Lucy's escapades live on in DVDs and on the Internet. And for a clip of a more modern vintage, there's the much-viewed video of "Grape Lady Falls," showing a TV newswoman who took a very unfortunate tumble from a grape-stomping tub.

Grape stomps are offered in other parts of the country as well. The White Fences Vineyard in Irvington, Va., held one in August, and Grapevine, Texas, hosted one as part of its annual GrapeFest in September, as did the Cobblestone Farm Winery in the Finger Lakes region of upstate New York. In Santa Rosa, Calif., the Sonoma County Harvest Fair hosts a World Championship Grape Stomp Oct. 3-5.

A stomper stumper: Can your stomped juice be turned into wine? No, due to all sorts of regulations governing commercial wineries. Technically, the alcohol produced during fermentation should take care of any germs, but there is a slight possibility of contamination, Fugelsang said. Still, the skin and seeds usually get recycled as compost.

Stomping grapes is "kind of squishy. It kind of feels a little bit weird," said Morris.

Make that a lot weird. Stepping on a few pounds of burstingly ripe grapes is one part really organic pedicure, one part the kind of Halloween parties where you sit in the dark and trustingly plunge your hands into bowls of wet spaghetti.
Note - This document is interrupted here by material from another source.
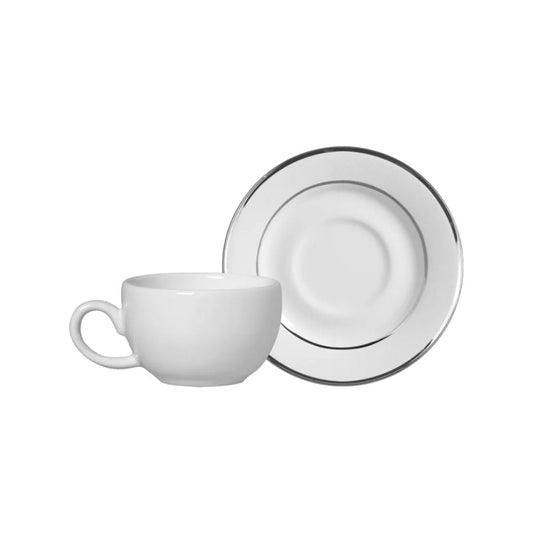Xícara de Café com Pires Relevo Prata 80ml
But once stompers get used to the feeling "they just keep going and going," said Bob Rozzano of the Cobblestone Farm Winery in New York's Finger Lakes wine region. The winery, which has been running a grape-stomping festival for three years, bottles the juice visitors make and sends it home with them.
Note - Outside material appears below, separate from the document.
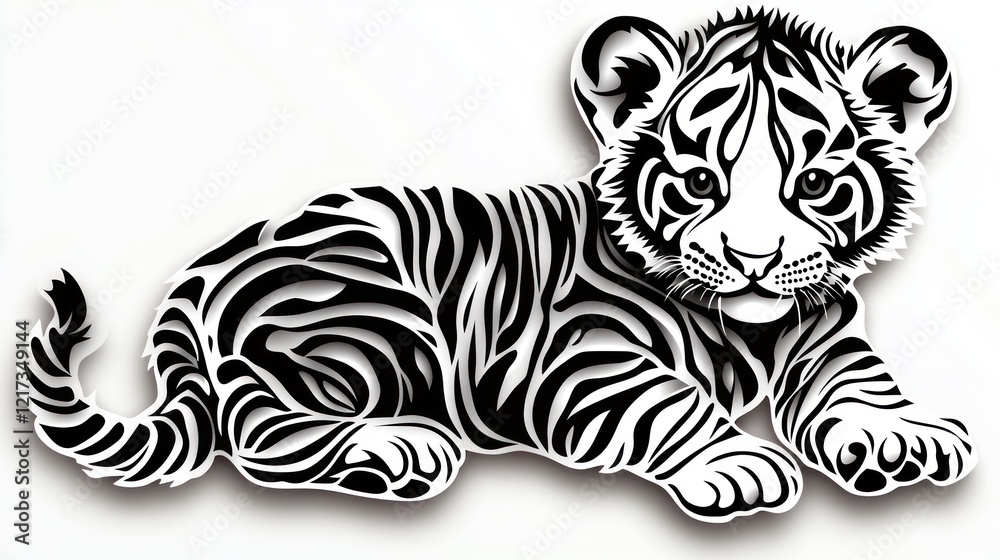Fototapeta premium Tiger cub lying down, no background. Stock for illustration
The bottles are clearly labeled that the juice inside isn't for drinking. On the front is a label dreamed up by Rozzano's wife Jennifer Clark — get ready to groan all you connoisseurs who've heard about the world-renowned French winery Chateau Lafite Rothschild — Chateau Les Feet.

At Grgich Hills, which has been coaxing visitors into the tub for well over a decade, winemaker Mike Grgich (Ger-gitch) sees the experience as a spiritual one.

"There is more in the grapes and the wine than you can see. There is a spirit of the greatness which has been carried on for 7,000 years," said the 85-year-old Grgich.

"Every year in September I get itch in my feet and they tell me, you should go and stomp the grapes. And that's what I do every year and I feel so happy that day. It's a special day in my life."